# 3 Month Old Vizsla Aggressiveness



## Dsinclair67 (May 30, 2020)

My girlfriend and I just recently adopted my current Vizslas brother. They are both 3 months old as of yesterday. His previous owner had small kids and was getting rid of him because he was worried about his aggressiveness and him hurting his kids. The first few days I didn’t notice any aggressiveness. But the past two days I have. It seems that when he is tired, trying to be moved in his sleep, or sometimes just trying to pick him up or touch him on his belly/arms he gets aggressive. He starts by growling and then lunges and bites. He has drawn blood on me twice. I talked to the breeder we got his brother from and who he came from and he suggested we put him down. 95% of the time this dog lays in my lap and cuddles me in bed but then just random outburst of aggression occur. My breeder feels it won’t get better with age but I am just not ready to give up on him. His brother has no aggressive problems. I really need help finding out if this can be fixed. It breaks my heart to think I may have to put him down. 
Thank you!


----------



## texasred (Jan 29, 2012)

No one can tell you if this can be fixed. You either hire a behaviorist to try and help him, or send him back to the breeder.
I don't think it's right for the breeder to ask you to put him to sleep. They created this puppy, and now they need to take responsibility for it.
He either showed this problem before he left the breeder. Or it was created by kids harassing him. If that is the case. They placed the puppy in the wrong home. If you keep him, be prepared for littermate syndrome.


----------



## gunnr (Aug 14, 2009)

I'm not saying that you're wrong in your observations, but are you seeing "aggression", or are you seeing a puppy competing for his place.
Trtyng to raise two Vizsla puppies at a time is going to be a lot of work. That they're from the same litter is not going to make it easier. It could make it harder, and both puppies may suffer individual development in the end.
When Finn, my 8 month old, was 3 months old, he was a horror show!!! I did not get the cuddly little "velcro"lap dog. I had 13lbs. of demon. He was quite assertive in not wanting to yield. Even as a 9lb. 8 week old, he stood his ground.He was terrible. My hands took a beating from those little puppy teeth. It took constant work, every day, and every night, working with him.

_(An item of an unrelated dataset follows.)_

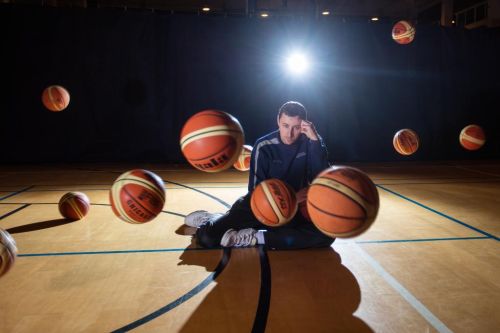 Pavel Miloš obklopen padajícím basketbalovými míči.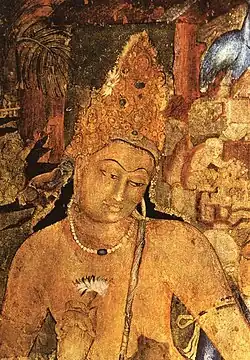 The Bodhisattva of compassion Padmapani with lotus.[137][139]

Finn is my 6th Vizlsa over 30+ years and was worse as a puppy than any of the others, by a wide margain.
Some people would have categorized what he was doing as "aggression", but it wasn't. It was an 8-16 week old puppy finding his place, and reacting to stimuli. Basically he was giving me the middle finger and saying "make me". Finn never cuddled as a puppy. Everything was a cage fight match if you got down on the ground with him.
Why did I put up with it? Because I knew from experience that if a puppy was this bold, forward, and assertive, as a puppy, had the nose and good instinctive hunting behaviors, it was going to be something to see. Finn did not disappoint. At 8 months old now, he is something to see working a field, or dense cover. Just a natural forward moving, hard working, dog. He's a beautiful "mover".
Finn will require a firm hand for the first few years due to his dominating personality. That's just the way it has to be for him. It's not personal for either him, or me. It just "is".
The point I'm trying to make is that actual "aggression" in a 12 week old puppy would be rare. They barely have their adult brain as of yet, but there is a lot of instinctive behaviors that can manifest that are difficult to deal with if a person isn't prepared. Sometimes the hardest puppies, can become great adults given time and the correct handling.
If you do decide to keep him, I would immediately stop all of the communal laying about and cuddling. This is a dog that may need a much clearer picture at this time, as to who is actually in charge. You're not his friend, or his littermate, you're in charge. He may be needing that distinction, and he won't hold it against you.
The real question is are you able to raise, train, and develop, two Vizsla puppies at the same time? and can you cater to his personality, and not neglect the other puppy? If these answer aren't yes, then the puppy should go back to the breeder. It's his responsibility to place the puppy, or have it euthanized. You shouldn't be bearing his responsibilities as a breeder emotionally, or financially.


----------



## Dsinclair67 (May 30, 2020)

Keep in mind this wasn’t originally my dog. He is now and I treat him as such. The breeder has a full kennel and would put him down if I took him back. That’s why his previous owner tried finding him a new home. I think I’m capable of handling him and any puppy behaviors that come my way. My original pup has those behaviors and can be aggressive like that. This is just different. It’s not a normal puppy growl it’s mean like he is trying to hurt someone. Trust me I thought all these same things before I took him in. I didn’t want to see the pup get put down whether I had to do it or the breeder did. Thank you for your responses but I’m not really asking if his behaviors are puppy play or mean because I can guarantee they are mean acts unlike his puppy aggressiveness that isn’t aggressiveness. I am really asking if anyone’s had similar mean like behaviors at 3 months and if so what is the best way to deal with him. I don’t plan on putting him down nor taking him to the breeder so he puts him down.


----------



## gunnr (Aug 14, 2009)

Apologies If I misunderstood.
If you are committed to giving this puppy a fair shot at life, you have my utmost respect. It's a big unknown. Hopefully with a consistent, regulated ,environment, he begins to respond positively. I have never seen, or known, of a puppy that young that was aggressively mean, and actually intending to inflict damage. It's going to be rare.
As Texas Red stated, he may have just been tormented by the children in the previous setting, and this is the reaction that developed.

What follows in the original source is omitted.